**WORK TO COMPLETE:** This task asks for the lines from the one with "Tom Ford Fausto" to the final line below, repeated exactly, with pictures omitted.

**COLLECTED DATA:**

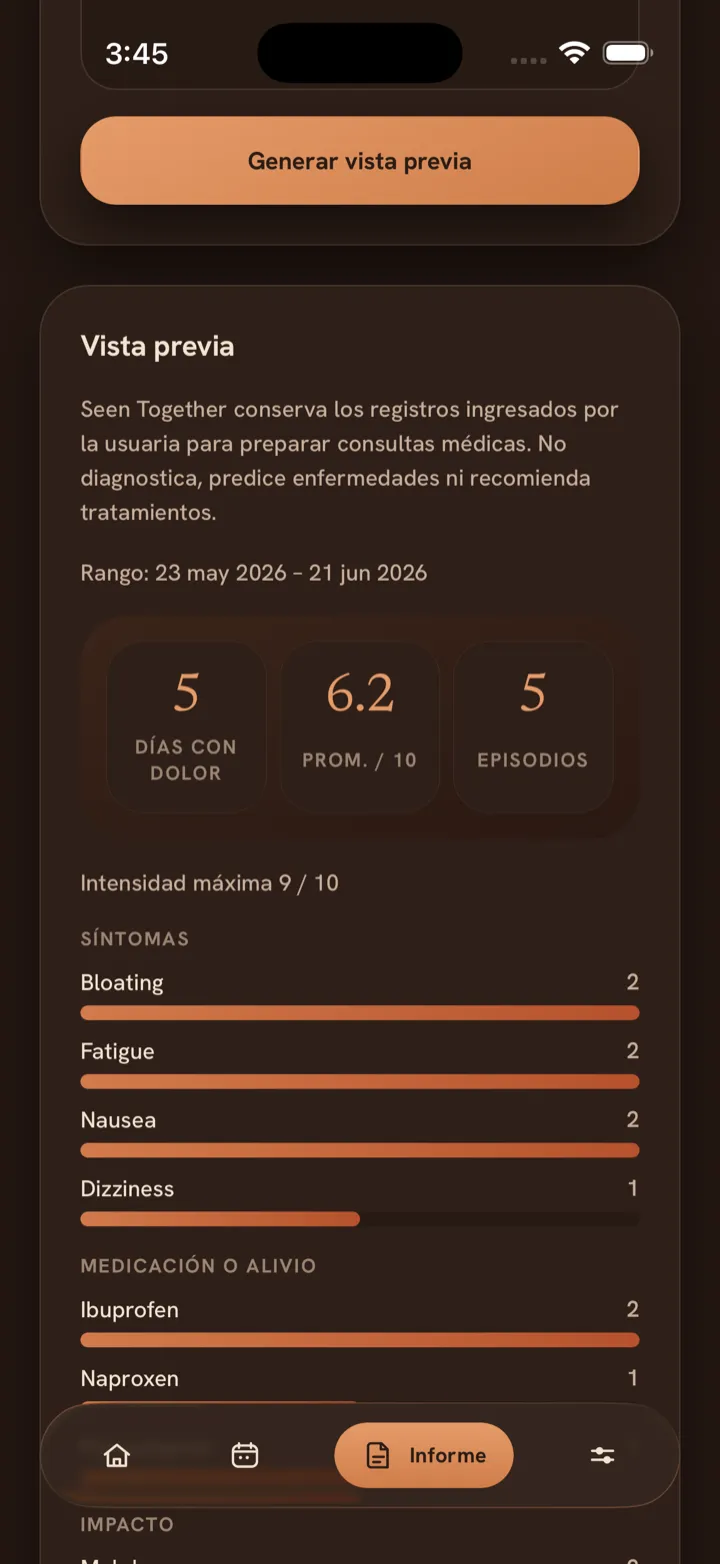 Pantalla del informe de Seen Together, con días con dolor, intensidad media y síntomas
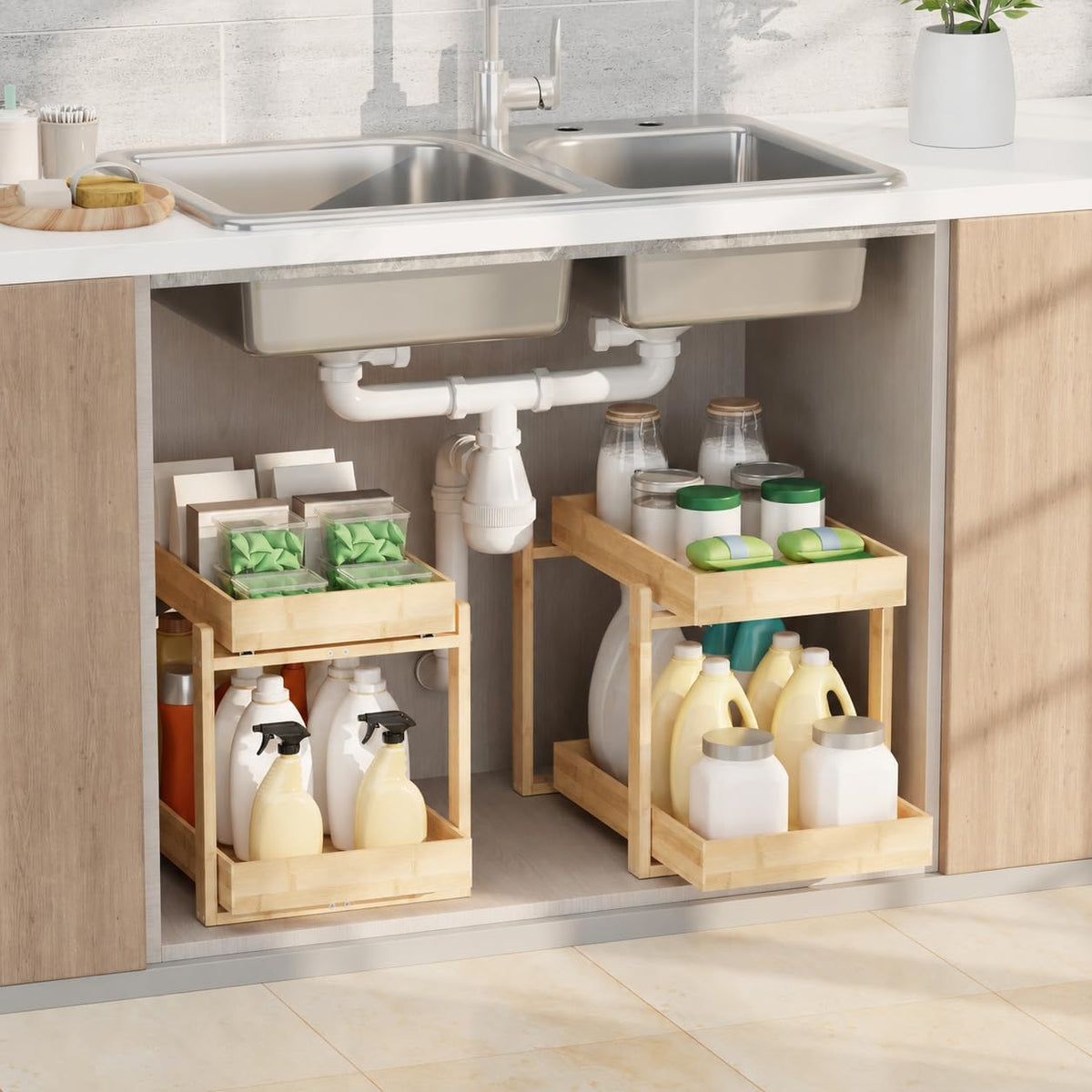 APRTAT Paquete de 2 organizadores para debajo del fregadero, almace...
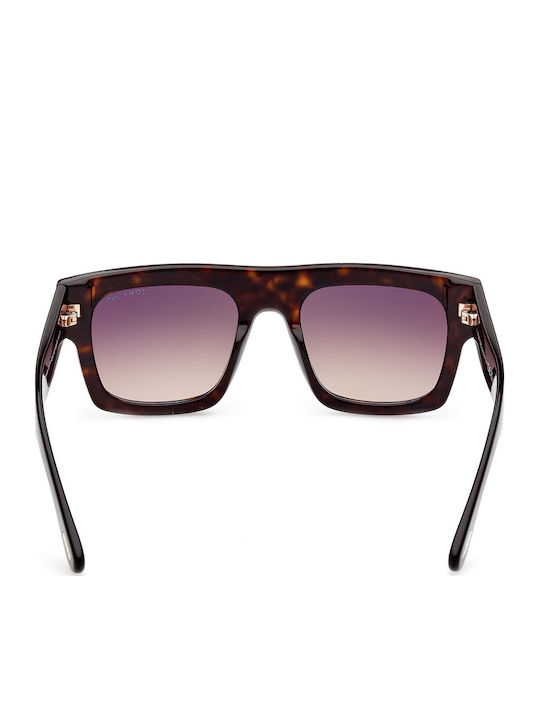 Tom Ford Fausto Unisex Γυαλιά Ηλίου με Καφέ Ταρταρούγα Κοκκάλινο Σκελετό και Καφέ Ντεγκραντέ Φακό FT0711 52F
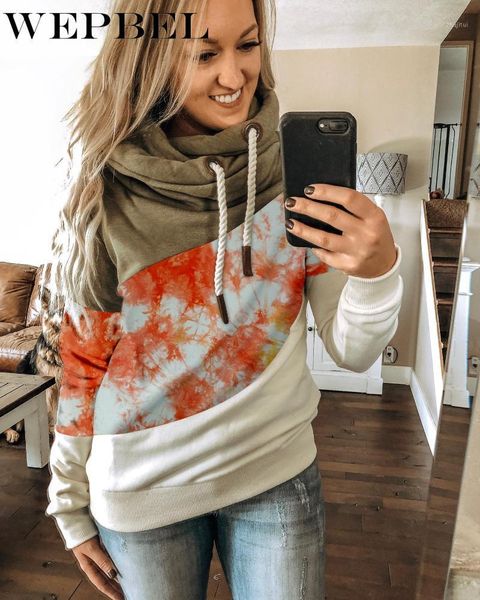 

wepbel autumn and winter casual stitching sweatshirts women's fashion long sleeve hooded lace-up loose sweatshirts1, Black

**TASK SOLUTION:**
 Tom Ford Fausto Unisex Γυαλιά Ηλίου με Καφέ Ταρταρούγα Κοκκάλινο Σκελετό και Καφέ Ντεγκραντέ Φακό FT0711 52F

wepbel autumn and winter casual stitching sweatshirts women's fashion long sleeve hooded lace-up loose sweatshirts1, Black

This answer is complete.